BEMIDJI, Minn. ? Rick Santorum has lost four straight contests.
Not that you would know it by watching him on the campaign trail, where the perpetually optimistic candidate has been drawing standing-room-only crowds and promising his political fortunes will improve if he can make it to just one more state.
"The more that this campaign evolves, the better we are going to look to be the best candidate to defeat Barack Obama," the former Pennsylvania senator said Sunday as he toured the factory that produces the sweater vests he sells for fundraising. "I feel confident that we're going to do well here in Minnesota. We're going to do well in Missouri on Tuesday and I think we're also going to do well in Colorado. At least I hope to do well in Bemidji anyway."
A day earlier, he came in last place in Nevada. He didn't mention the latest setback when he attended church services Sunday, showing no sign the GOP contest was slipping through his fingers.
"I'm trying to walk the path that Christ has laid out for me. I'm just trying to discern his will," he said during services at Eden Prairie's Grace Church. "I will leave it up to him as to how everything turns out."
Taking his ragtag campaign across the country, Santorum hopes to amass enough delegates to the Republican convention this summer to earn greater stature within the party even if he fails to achieve the GOP nomination.

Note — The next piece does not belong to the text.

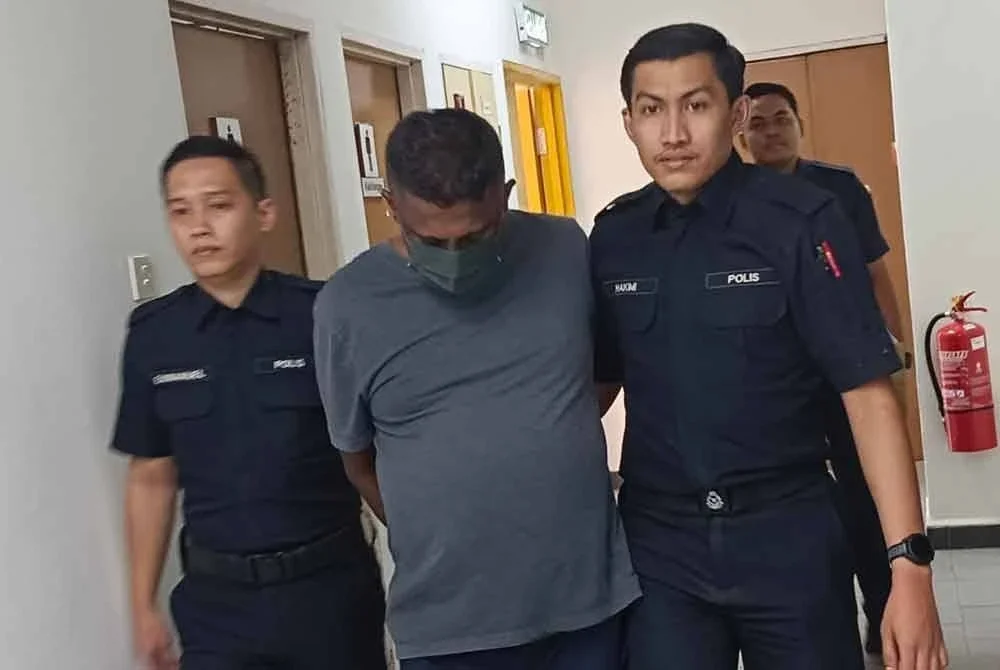 Muhammad Firdaus didenda RM3,000 selepas mengaku bersalah atas pertuduhan melakukan ugutan jenayah terhadap pengamal media di Kompleks Mahkamah Johor Bahru pada Rabu.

It's been a month since Santorum narrowly won the Iowa caucuses and, while outright victory may be out of reach in the next states to vote, he's looking to make a statement here and in Colorado. In Missouri, Newt Gingrich is not on the ballot, giving Santorum a better chance to make an impression against frontrunner Mitt Romney.

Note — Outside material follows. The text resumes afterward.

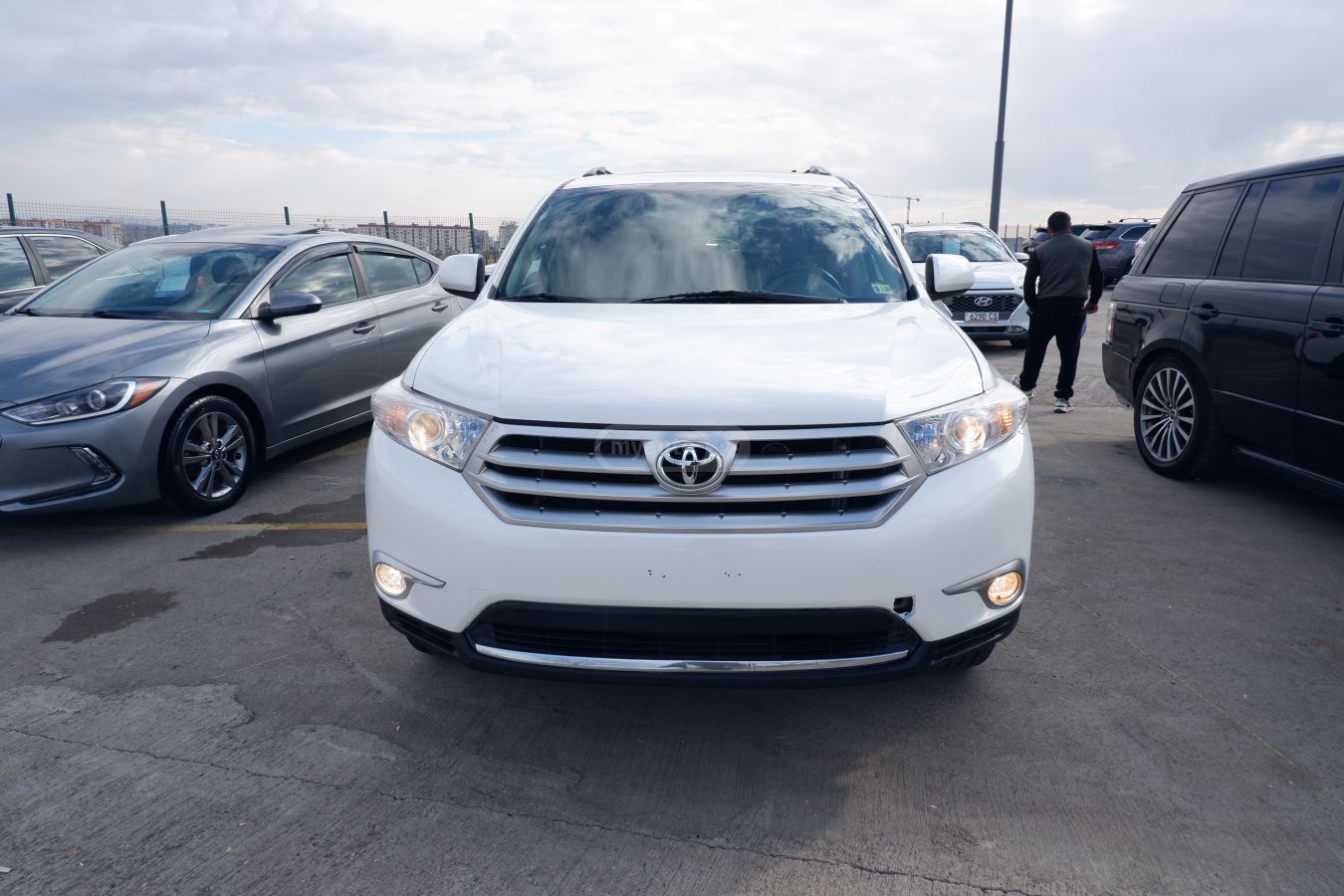 Toyota Highlander 2012 — photo 2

Minnesota could be fertile territory for Santorum, with its small contingent of highly conservative caucus-goers. It borders Iowa, where Santorum was the declared winner in the campaign's lead-off caucuses a month ago.
He is also looking at Colorado, where deeply conservative evangelicals have an unshakable foothold. Santorum has picked up the backing of prominent social conservative and Focus on the Family founder James Dobson, who joined him for campaign appearances in recent days.
To be sure, Santorum faces an uphill battle to win the party nod.
Santorum has little money and virtually no momentum. He's trailing badly in national polls. He's had trouble getting on ballots in Virginia and Indiana. And he has essentially no staff in upcoming states ? much less anything resembling the national operations his rivals are running.
He no longer has a national campaign headquarters; technically, he calls a post office box in Pennsylvania his base camp. His inner circle is seldom in the same location. His campaign manager is a New Hampshire consultant. His deputy campaign manager is Iowa-based and was only recently named to that role in an official capacity. His senior political adviser runs a firm in South Carolina and calls it home.
Santorum's accommodations are sometimes determined by which supporter has an extra guest room, and his transportation sometimes is a volunteer's pickup truck. And when reporters have questions, they simply walk over to the senator and ask him instead of calling his spokespeople in Pennsylvania, Washington or South Carolina.
Yet, his team celebrates its off-the-cuff style. Some only just recently started getting paychecks, and some of the people who have day-to-day responsibility for his events aren't on the payroll yet.
"We are running this campaign on a shoestring," Santorum says. "But that is an insult to shoestrings."
He and his aides insist the nomination is still not out of reach.
They count themselves as students of how Barack Obama won the Democrats' nomination four years ago: don't look at the win/loss column and instead focus on the slow accumulation of convention delegates.
Under GOP rules that are new this year, anyone who gets a certain portion of the vote in each state qualifies for a delegate to the GOP convention in Tampa. So while Romney and Gingrich are assailing each other, Santorum and his aides argue, he gets the chance to introduce himself to more voters and pick up delegates here and there on the cheap.
"There is a chance that we could go to the convention," Santorum argued in Fallon, Nev., last week. "I don't think that's a bad thing. I think that would be a healthy thing. From my perspective, the longer this primary goes on, the better."
Santorum is banking on Gingrich collapsing under Romney's withering criticism, leaving Santorum in the coveted and fluid role of the leading conservative alternative to Romney.
For now at least, Santorum is attracting standing-room only crowds and hoping voters grow weary of the Romney-Gingrich rivalry.
"Every time you hear about this race, it's just Romney and Gingrich," said Cheryl Rawlings, a 59-year-old retiree from Hannibal, Mo., who met with Santorum at the Mark Twain Dinette on Friday. "Santorum isn't making the headlines, but look at the people outside here waiting to meet him. This is not a two-man race no matter what the media would like."